Bunları isterken bizimle inatlaşacak, ısrarcı olacak, bize hayır diyecek. Evet bize hayır diyecek. Halbuki biz onun isteklerine evet diyoruz ama o bize hayır diyecek…
Kişilik oluşumunun temellerinin atıldışı ilk 6 yıl söz dinlememe konusunda çetin geçecek. Bunu bilin ve hazırlıklı olun. Yürümeye başladığında, kendi başına yemek yiyebildiğinde, tuvalet eğitimini tamamladığında yani kendi bedeni üzerinde kontrol kazanmaya ve beceri sağlamaya başladığında; artık bende varım demeye başlayacak. Bizlerin tahammül sınırlarını zorlayacak.
Isteklerini ağlayarak yaptırma yoluna gidecek. Itiraf edin bu konuda da başarılı olacak. Işte ilk hata burada başlıyor. Ağlayarak yaptırdığını öğrenen çocuğumuz artık bizi avucunun içine aldı demektir. Bu tabirimi mazur görün ama öyle. Ne zaman ki hayır dediniz, ağlama krizleri başlayacaktır. Kendini yerden yere atacak hatta etrafında yada o an elinde bulunan materyali fırlatacak, zarar verecektir. Önce sabır.
Her çocuğun ilgi alanı, öğrenme hızı farklıdır. Aynı evin içinde birden fazla çocuk olsa, hepsinin eğitimi farklılık gösterecektir bu yüzden. Çocuğumuzun ihtiyaç ve isteklerini gözardı edemeyiz. Evet biz çok meşgulüz, herşeyin en iyisi olsun istiyoruz. Saçımızı sübürge ediyoruz yuvamız için. Bunları yaparken amaç çocuklarımızın iyiliği iken, onların iyiliğinden uzaklaştığımızın farkında mıyız peki?

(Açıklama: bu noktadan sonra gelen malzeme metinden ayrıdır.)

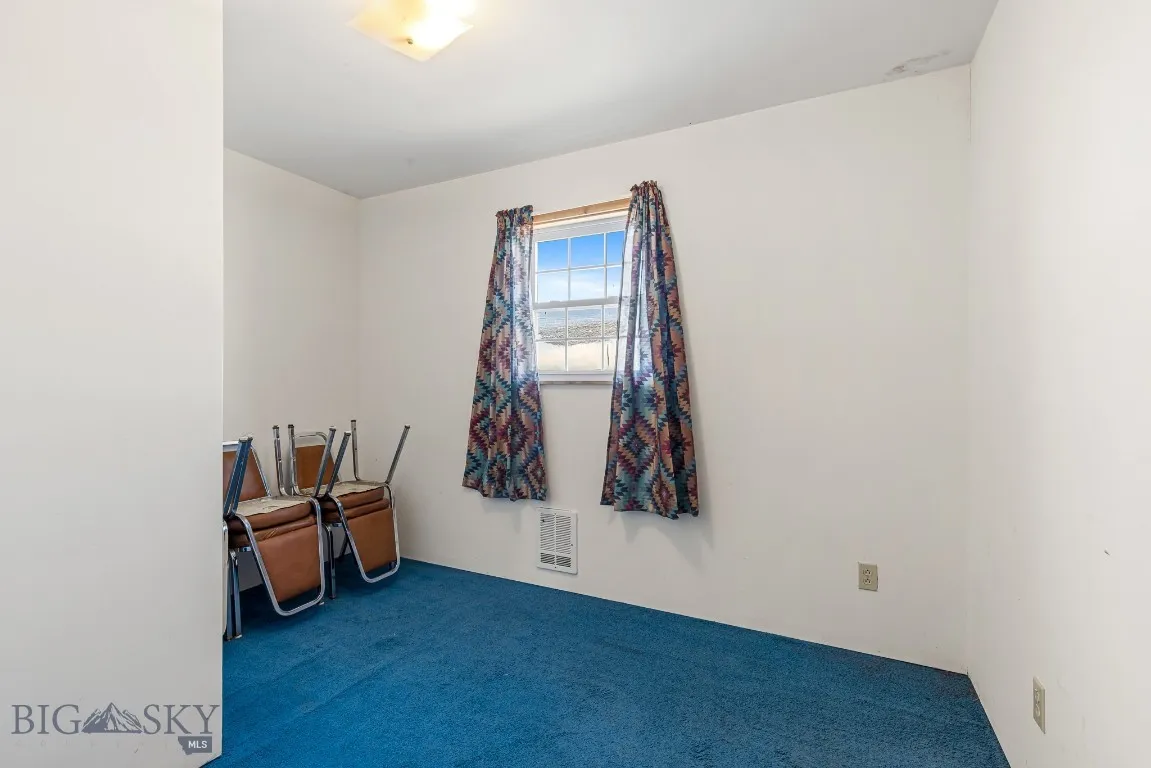 402 Pond Road, Cameron, Montana 59720, Cameron, Montana 59720, 2 Bedrooms Bedrooms, ,1 BathroomBathrooms,Residential,For Sale,402 Pond Road, Cameron, Montana 59720,0,405466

Çocuklarımıza “hep ben” dememesi için uğraşırken aslında biz “ben” diyoruz belkide. Bizim çocuğa empoze etmeye çalıştıklarımız, bizim kurallarımız, bizim alışkanlıklarımız, bizim ideallerimiz. Planlı yaşayalım, kurallalar çerçevesinde yaşayalım, bizim istediğimiz menü ile beslensin, bizim istediğimiz kitaplar okusun, bizim istediğimiz saatlerde yatılıp kalksın. Elleri, kıyafeti kirli dolaşmasın. Kırık oyuncak varsa hemen atılsın. Yemeğini hızlı yesin, oyuncaklarını herkesle paylaşsın, kardeş ve arkadaşları ile kavga etmesin. Tamam haklısınız, bütün bunlar çocuşumuzun iyi yetişmesi için ama ya onun duygu ve istekleri? Bir sürü zorlayıcı beklentiler. Bunun karşılığında çocuğumuz ile çatışma yaşamak kaçınılmaz. Her çatışma sonrası ‘söz dinlemeyen çocuk’ etiketi.
Bizim beklentilerimizi yerine getirmesinin tek yolu emretmek değildir. Her çocuğun ihtiyacına uygun disiplin anlayışı mutlaka vardır.